Simply because implementation was complicated ? (Update of existing services/checks...) or to be defensive to avoid clashes ?
What is the use-case for having client agent name change without it's ID change? There may well be one but it's worth understanding why it's needed before considering the change which at least has some subtleties to think through.
The main value of that on _servers_ is that they have persistent state and participate in raft where identity and state both matter for correctness. My guess is we didn't extend renaming to work fine for agents just because it's not very clear why you would need to rename a _client_ agent (e.g. change hostname) without also just letting it get a new ID (i.e. wiping it's persistent state).
I could be wrong but I don't think there is any problem if a client agent leaves and comes back with a different name AND ID but the same IP right?
Personally I don't have a strong user-case but I can report that we had a "mini-incident" due to this bug. We also experienced the blocked consul servers behaviour that @kamaradclimber mentioned.
We usually don't rename nodes but we ended up hitting this issue due to a race condition in our provisioning pipeline (consul process was started before the hostname was properly rendered)
I think it could be nice to have consul to gracefully handle this event.
On our cluster, consul node name is the fqdn of the machine. Some of our users change their domain name, leading to an attempt to change consul node name.
As a side note, we dont touch the node id and let consul generate it using its deterministic method.
For my on premise solution, I have a cron job which names the machine based on its ip address and the Proxmox VMID.
I currently am on v 1.0.7.
If a machine is offline for a few days, it gets a new ip and the name change goes through smoothly.
Recently I changed the naming scheme a little bit.

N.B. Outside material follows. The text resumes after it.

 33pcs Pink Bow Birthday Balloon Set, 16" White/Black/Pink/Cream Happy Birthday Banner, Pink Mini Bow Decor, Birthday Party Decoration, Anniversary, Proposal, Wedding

A VM which had been off for a few months (Consul 0.9) came online with the old naming scheme.
After updating the Consul agent and updating the cron files, I had two entries in my consul members output, one with old name and one with the new name.

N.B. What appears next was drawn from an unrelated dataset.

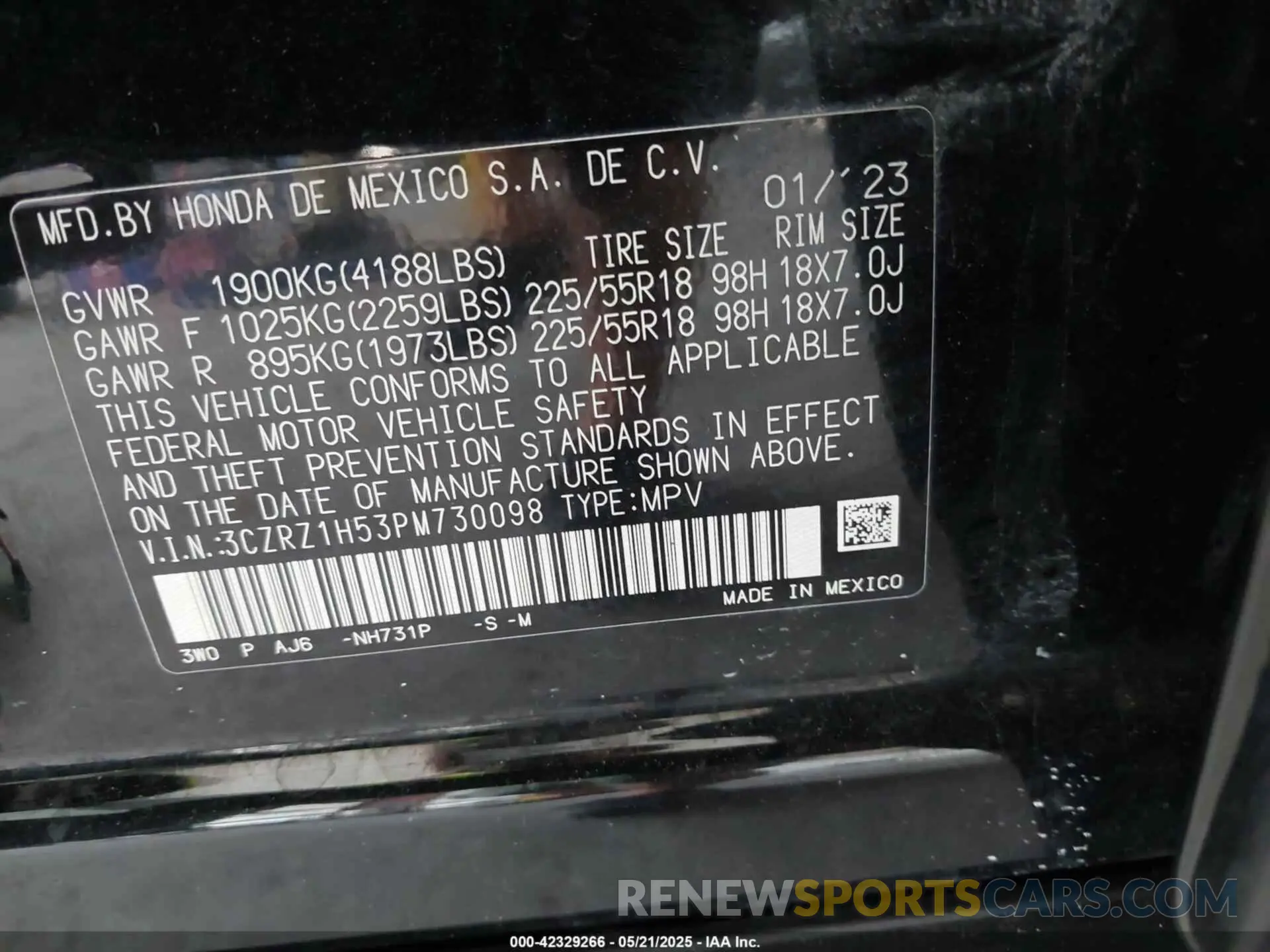 9 Photograph of a damaged car 3CZRZ1H53PM730098 HONDA HR-V 2023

I just let it be and the next day, the old name was gone from the list.
@shantanugadgil
Thank you for sharing your approach and experience!
Unfortunately, we had the issue several times causing various production issue and if you want this to be fixed, it requires on our side manual intervention, which is painful. (We even had cases when we could not fix it without waiting for a few hours)

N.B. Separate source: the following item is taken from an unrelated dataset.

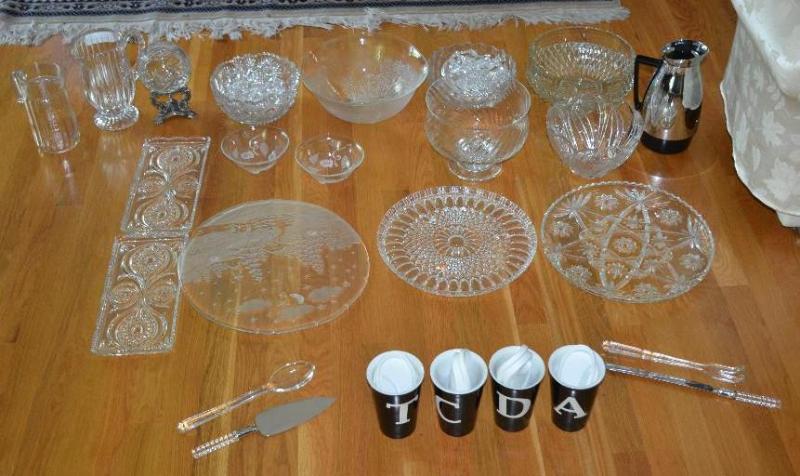 Clear glass platters, bowls, trays, 4 coffee ...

Since the node now contains an ID, I think it's name could be changed without too much troubles.
@banks would have feedback on that issue?
@pierresouchay we might want to include #3983 in our next consul build to check the improvement for our use case
We had to revert #3983 as it caused problems in testing and we discovered it's a breaking change which we can't include in current release cycle.
We still think this is close and will add some extra details about what we need to do to get this into 1.3.
@banks Ok, I'll give you more details about our incident as well
\o/
Finally!!! 馃憤馃憤馃憤
Is this fixed in 1.3.0? Because I keep getting errors similar to this all over my stack:
Node name bastion-03f55798ed842fc0e is reserved by node a76399da-e1b0-c1ed-d426-e7ac892ef6c2 with name bastion-03f55798ed842fc0e
Sometimes it goes away with a service restart, sometimes it doesn't.